Friday, 6 May 2011

Environmental regulations grease wheels for another US utility merger

5 May 2011
If regulators give the green light to a proposed merger of US utilities Exelon and Constellation Energy, the combined company will be in a better position to finance the continued transition to cleaner energy sources, which in the US goes beyond renewables to include natural gas and clean coal.

Utilities are pursuing potential consolidations in the face of Environmental Protection Agency (EPA) regulations that will force them to consider closing or retrofitting coal-fired units, a capital-intensive effort. The Exelon-Constellation Energy proposed merger comes just months after Duke Energy and Progress Energy announced plans to form a super-utility to replace their aging coal fleet.
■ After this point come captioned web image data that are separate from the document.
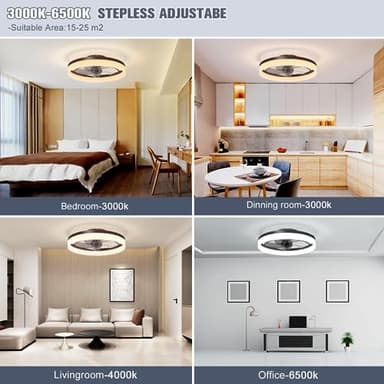 VOLISUN Low Profile Ceiling Fans with Lights and Remote, Fandelier Ceiling Fan Flush Mount, 3000K-6500K Smart Bladeless LED Fan Light, Black Modern Ceiling Fans with Lights for Bedroom - Image 2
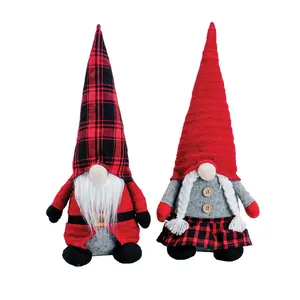 Santa's Workshop 13" Buffalo Plaid Gnomes, Set of 2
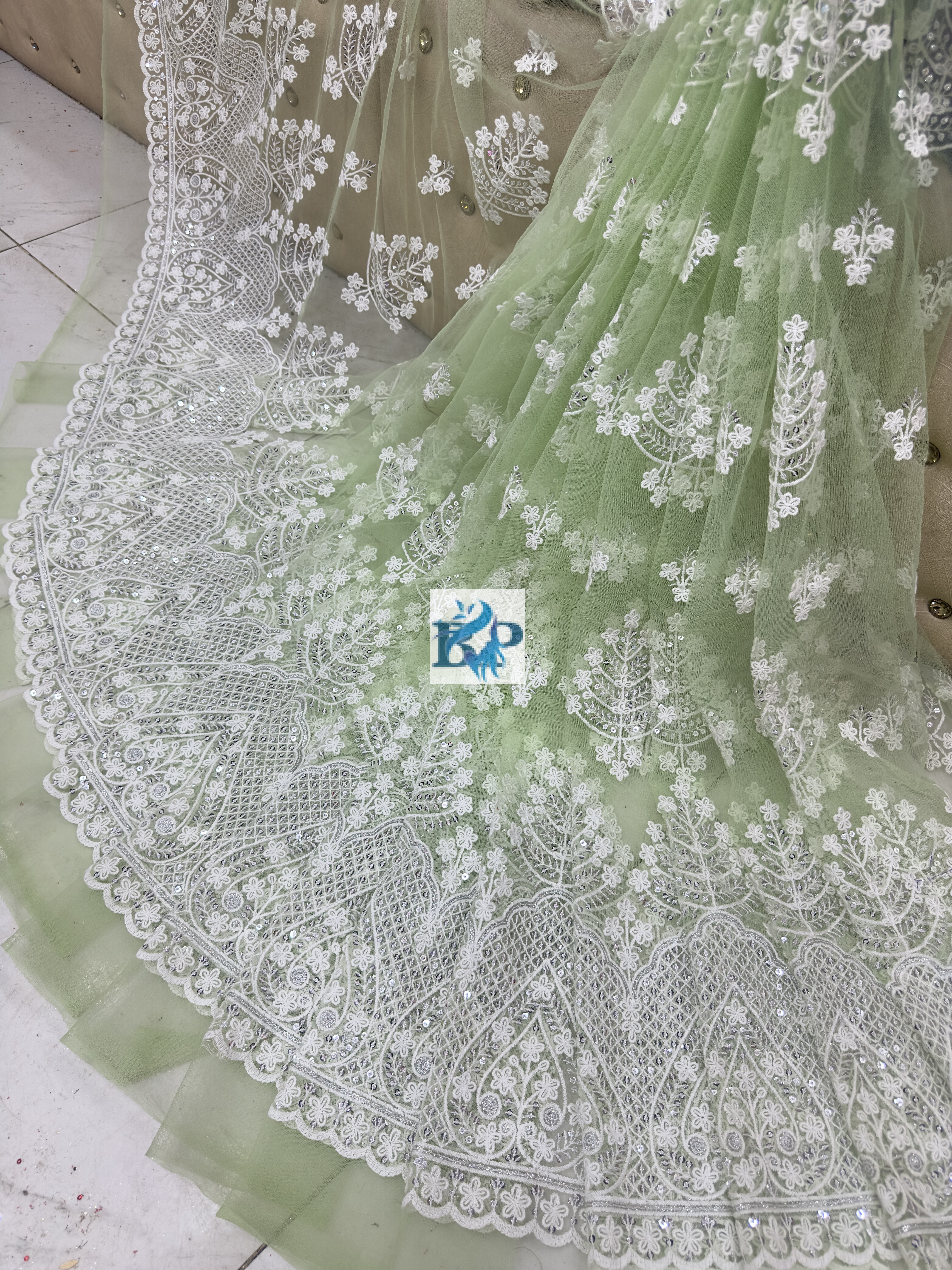 New chicken kari thread embroidery net fabric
“I think this represents a trend that will continue in the utility industry,” said Clinton Vince, Washington-based chairman of the energy-transport-infrastructure practice at law firm SNR Denton. “I think scale matters in this day and age.”

The market capitalisation of a combined Exelon and Constellation Energy would be around $34 billion, with an enterprise value of $52 billion. Constellation’s shareholders will receive 0.930 shares of Exelon common stock in exchange for each share of Constellation common stock. Based on Exelon’s closing share price on 27 April, the value would be $38.59 per share, or $7.9 billion in total equity value.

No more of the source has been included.